Data listing below:
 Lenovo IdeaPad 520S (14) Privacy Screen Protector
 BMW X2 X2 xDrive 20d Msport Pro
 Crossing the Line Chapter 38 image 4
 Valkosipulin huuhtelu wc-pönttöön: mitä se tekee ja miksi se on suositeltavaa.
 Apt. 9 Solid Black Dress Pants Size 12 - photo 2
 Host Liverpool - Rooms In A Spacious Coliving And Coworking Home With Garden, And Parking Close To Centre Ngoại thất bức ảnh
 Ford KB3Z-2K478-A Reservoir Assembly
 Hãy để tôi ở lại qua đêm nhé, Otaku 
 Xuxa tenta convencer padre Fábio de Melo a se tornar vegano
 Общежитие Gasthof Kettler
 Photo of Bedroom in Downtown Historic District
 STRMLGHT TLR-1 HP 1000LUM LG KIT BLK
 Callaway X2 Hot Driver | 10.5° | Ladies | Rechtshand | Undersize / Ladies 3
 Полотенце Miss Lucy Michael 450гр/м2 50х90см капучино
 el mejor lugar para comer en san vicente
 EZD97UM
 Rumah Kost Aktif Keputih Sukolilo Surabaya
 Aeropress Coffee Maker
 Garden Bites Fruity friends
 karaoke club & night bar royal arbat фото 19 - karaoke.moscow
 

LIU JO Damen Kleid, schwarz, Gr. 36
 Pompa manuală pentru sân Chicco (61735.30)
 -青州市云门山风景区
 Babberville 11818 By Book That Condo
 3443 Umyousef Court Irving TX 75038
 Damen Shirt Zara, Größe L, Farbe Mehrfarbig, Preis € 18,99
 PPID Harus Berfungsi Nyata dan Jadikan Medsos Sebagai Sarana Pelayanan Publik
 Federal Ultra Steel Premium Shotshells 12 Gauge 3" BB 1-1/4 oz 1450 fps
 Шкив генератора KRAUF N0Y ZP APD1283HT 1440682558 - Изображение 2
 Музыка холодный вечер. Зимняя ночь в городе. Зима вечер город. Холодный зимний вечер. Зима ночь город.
End of Data listing.
* Problem statement: Both the line containing "STRMLGHT TLR-1 HP 1000LUM LG KIT BLK" and the line containing "Damen Shirt Zara, Größe" belong in the answer. Print them and every line above that falls between them exactly, and no others.

* Answer box:
 STRMLGHT TLR-1 HP 1000LUM LG KIT BLK
 Callaway X2 Hot Driver | 10.5° | Ladies | Rechtshand | Undersize / Ladies 3
 Полотенце Miss Lucy Michael 450гр/м2 50х90см капучино
 el mejor lugar para comer en san vicente
 EZD97UM
 Rumah Kost Aktif Keputih Sukolilo Surabaya
 Aeropress Coffee Maker
 Garden Bites Fruity friends
 karaoke club & night bar royal arbat фото 19 - karaoke.moscow
 

LIU JO Damen Kleid, schwarz, Gr. 36
 Pompa manuală pentru sân Chicco (61735.30)
 -青州市云门山风景区
 Babberville 11818 By Book That Condo
 3443 Umyousef Court Irving TX 75038
 Damen Shirt Zara, Größe L, Farbe Mehrfarbig, Preis € 18,99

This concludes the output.